A column for Caiman Cuadernos de Cine, written November 16, 2016. — J.R.
En Movimiento: The Man Who Would Be King
Errol Morris: “If you could give Charles Foster Kane advice, what would you say to him?”
Donald J. Trump: “Get yourself a different woman.”
— from a 2003 interview
It isn’t surprising that Citizen Kane is Donald Trump’s favorite movie. Thanks to the input of Herman J. Mankiewicz, an unhappy cynic, Orson Welles’ first feature is the only one he ever made that views corruption from a corrupted viewpoint; all the others see corruption from a vantage point of baffled innocence. As an actor who specialized in playing corrupt authoritarian figures — tycoons (Kane, Arkadin, Charles Clay), racists (Kindler, Quinlan), conniving magicians (Cagliostro, Welles himself in Follow the Boys and F for Fake), power-mad officials (Colonel Haki in Journey into Fear, Cesare Borgia in Prince of Foxes, the Advocate in The Trial), a sly racketeer (Harry Lime), and several dissolute rulers—before achieving his best role as Falstaff, an innocently jovial jester to a prince, which failed to engage the mass audience to the same degree (as did his more innocent heroes in The Lady from Shanghai and Othello) — Welles as an anti-authoritarian writer and director only confused matters for the general public by undermining what he celebrated as a performer. This is why the image of Orson Welles in the public mind tends to be as conflicted and as contested as the final verdict about Donald Trump, even though the two men are as diametrically opposed as any two men one could imagine.

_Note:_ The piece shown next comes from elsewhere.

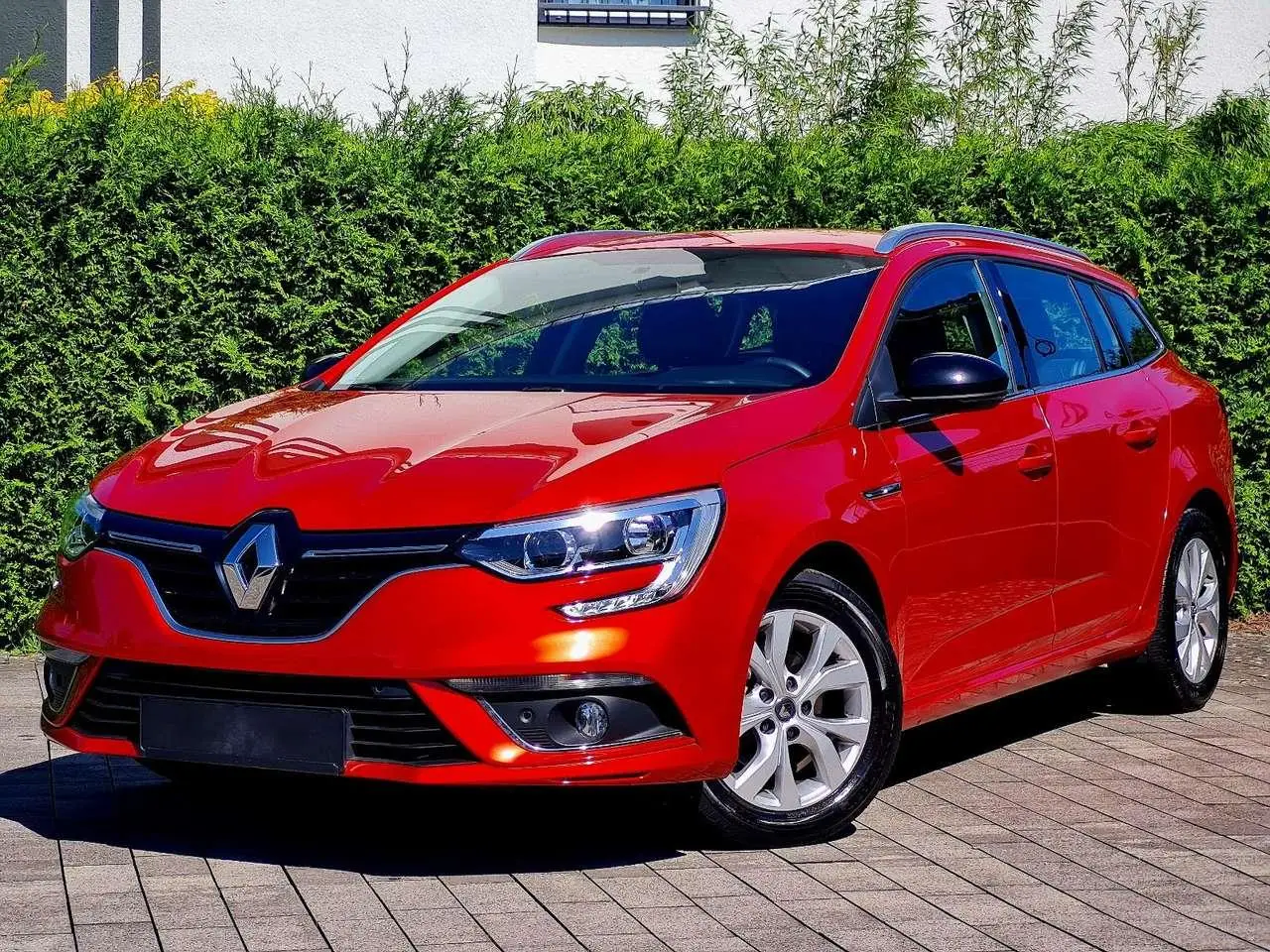 Photo 1 : Renault Megane 2019 Petrol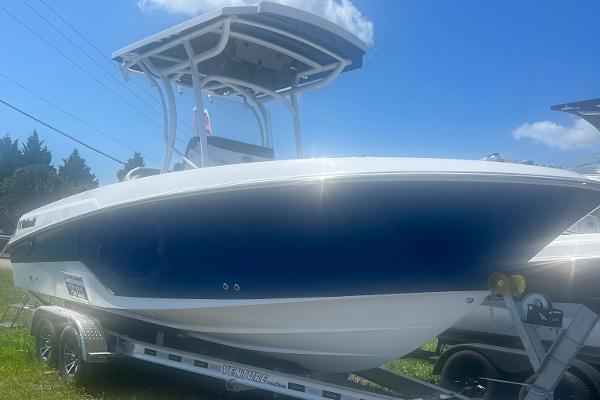 Wellcraft 222 Fisherman 2023 Wellcraft 222 Fisherman boat on trailer under blue sky.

The peculiar place occupied by Citizen Kane in the American imagination — especially after Pauline Kael successfully contrived to convert it from an independent art film into a mainstream Hollywood comedy — resembles the prestige enjoyed by the Godfather trilogy. In both cases, one finds an apologia for and even a celebration for the impudence and exhilaration found in the ruthless exercise of power. The tragic overtones offer a kind of moral escape clause that for many spectators ultimately validates the exhilaration — an ambivalence perfectly if ingenuously expressed by Donald Trump when he told Morris, “There was a great ride in Citizen Kane and a modest fall.” For Trump in the same interview, “Rosebud” figures as a kind of advertising slogan rather than as Welles’ own version of an escape clause; he conveniently forgets the nameless reporter’s caveat that one word can’t explain any man’s life.
Last June, Trump once again echoed the mainstream American fantasy about Welles when he declared, “I loved Orson Welles. He was totally fucked up. He was a total mess. But think of his wives. Think of his hits…He was like this great genius that after 26, never did it. He became totally impossible. He thought everybody was a moron, everybody was this, everybody was that; if he had a budget he’d exceed it by 20 times and destroy everything. He became impossible. I loved that.”
I’m writing in mid-November, shortly after the election of this lover of the impossible as the next U.S. President, despite trailing behind Hillary Clinton in terms of popular votes. The world-wide shock of these results has barely begun to register, although part of the lesson to be learned is that nothing can be taken for granted by people like myself who mistakenly assumed that “business as usual” would somehow prevail. One of the best forecasts of this dilemma can be found in Thomas Frank’s recent book, Listen, Liberal, or What Ever Happened to the Party of the People?, a scathing account of the Democratic Party’s declining allegiance to working-class and middle-class Americans, published shortly before the political ascendency of Bernie Sanders. It recalls Jed Leland’s charge against Kane that he spoke about “the people” as if he owned them.